▶ **THE PROBLEM**: From the material below, copy exactly the lines beginning with the one that contains "MQPALZKD Tie Bar" and ending with the one that contains "Здание Таллиннского английского колледжа."; the pictures stay out.

▶ **EXTRACTED MATERIAL**:
==============================
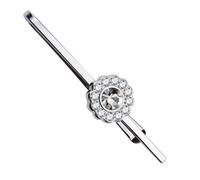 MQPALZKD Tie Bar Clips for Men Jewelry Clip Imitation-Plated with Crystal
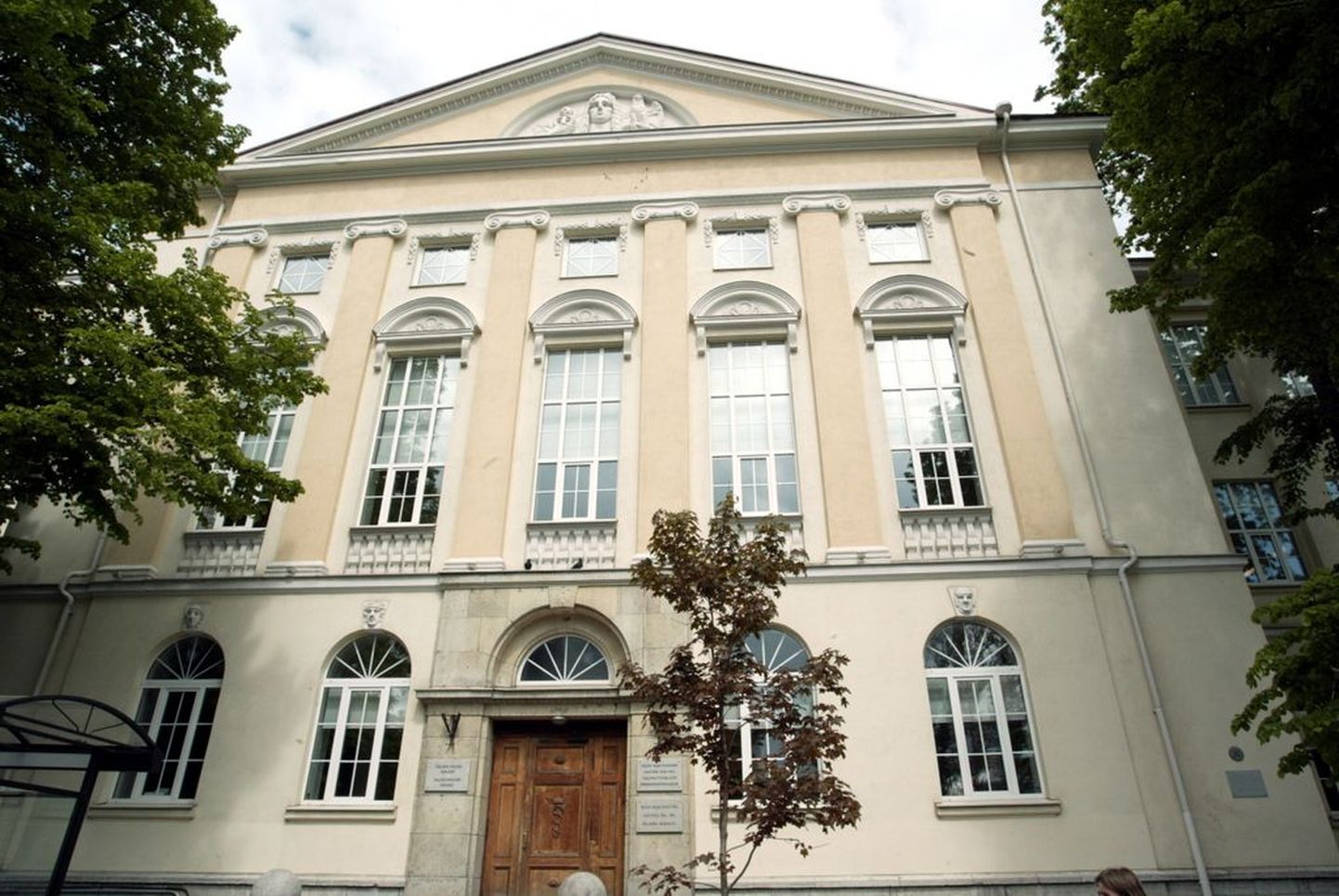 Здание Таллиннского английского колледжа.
==============================
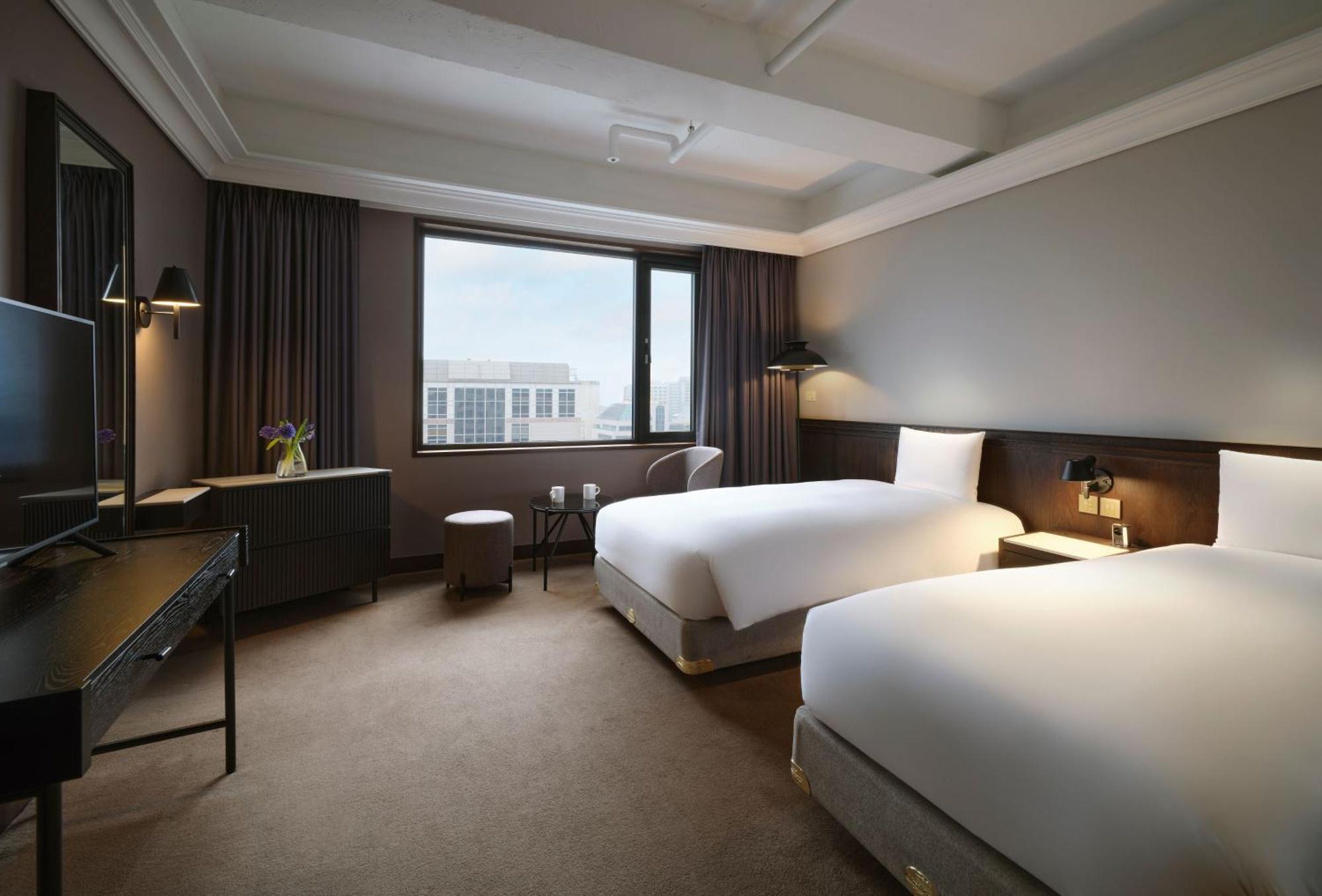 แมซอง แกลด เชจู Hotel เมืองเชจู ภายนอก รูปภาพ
==============================
▶ **OUTPUT FOR THIS TASK**:
 MQPALZKD Tie Bar Clips for Men Jewelry Clip Imitation-Plated with Crystal
 Здание Таллиннского английского колледжа.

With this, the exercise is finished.